Baru pada bulan Februari, ketika sembilan anggota DPRD Kotawaringin Barat dan Masyarakat Perkayuan Daerah Kal-Teng ke Jakarta, Kapolri Da'i Bachtiar berjanji menyerahkan kasus ini ke daerah. Meskipun ada surat keberatan dari Asosiasi Pengusaha Hutan Indonesia Kalimantan Selatan dan sejumlah LSM—pasalnya, mereka menengarai Rasyid telah ”membeli” pengadilan di Pangkalan Bun dan seluruh Kal-Teng—tuntutan Masyarakat Perkayuan Daerah akhirnya dikabulkan.
Sebelum itu, terjadi penyerangan terhadap Abi Kusno Nachran dan Mustika Alam, masing-masing wartawan dan pemimpin redaksi tabloid Lintas Khatulistiwa. Menurut Abi Kusno, dia ingat bahwa salah seorang dari lima penyerang tersebut bernama Arifin. Abi menyebutnya ajudan Rasyid. Apakah si bos ikut terlibat? ”Paling tidak ia mengetahui rencana itu,” katanya kepada TEMPO. Sugianto ganti menuding Abi sebagai pemeras yang berlindung di balik media. Sedangkan Rasyid menolak berkomentar. ”Soal Abi, silakan Anda melakukan investigasi sendiri,” tulis Rasyid kepada TEMPO.
Menurut Abi, serangan brutal itu terjadi karena dia dianggap melaporkan muatan kayu ketiga kapal itu ke Departemen Kehutanan. Direktur Utama Tanjung Lingga Group, Sugianto, mengakui bahwa anak buahnyalah yang melakukan pencegatan terhadap Abi karena Abi kerap memeras perusahaannya.
Mei 2002, genap tujuh bulan kapal itu ditahan di Tanjung Priok dengan kawalan prajurit marinir. Bintang Perkasa Utama yang mestinya mengeluarkan ongkos hingga enam ratus miliar rupiah lebih menolak membayar dendanya. Urusan itu jadi perkara antara pencarter dan pemilik kapal. Sedangkan Departemen Kehutanan justru mendapat sial: harus menanggung ongkos makan-minum semua awak kapal dan uang keamanan sebesar Rp 840 juta karena seluruh barang bukti menjadi tanggung jawab Departemen Kehutanan.

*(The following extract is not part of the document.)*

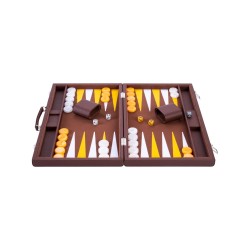 Brown backgammon set with a yellow and white interior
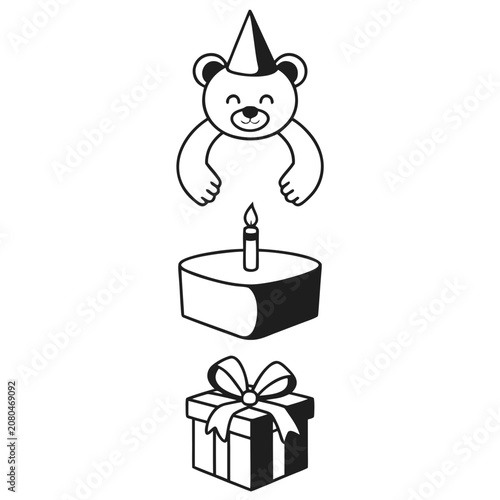Cute bear with birthday cake and gift box icon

Pada 27 Mei 2002, Da'i menulis surat kepada Presiden Megawati (TEMPO menyimpan kopi surat tersebut) menyatakan bahwa ketiga kapal asing berikut nakhodanya tidak bertanggung jawab terhadap muatan kayu curian itu. Beberapa hari kemudian, semua awak berikut kapalnya dibebaskan. Apa yang terjadi dengan 25 ribu meter kubik kayu meranti tersebut? Kayu-kayu itu dilelang. Seorang pengusaha asal Medan memenangi lelang tersebut, cukup dengan merogoh Rp 1,5 miliar--dua setengah persen dari nilai taksiran nilai kayu tersebut di pasaran.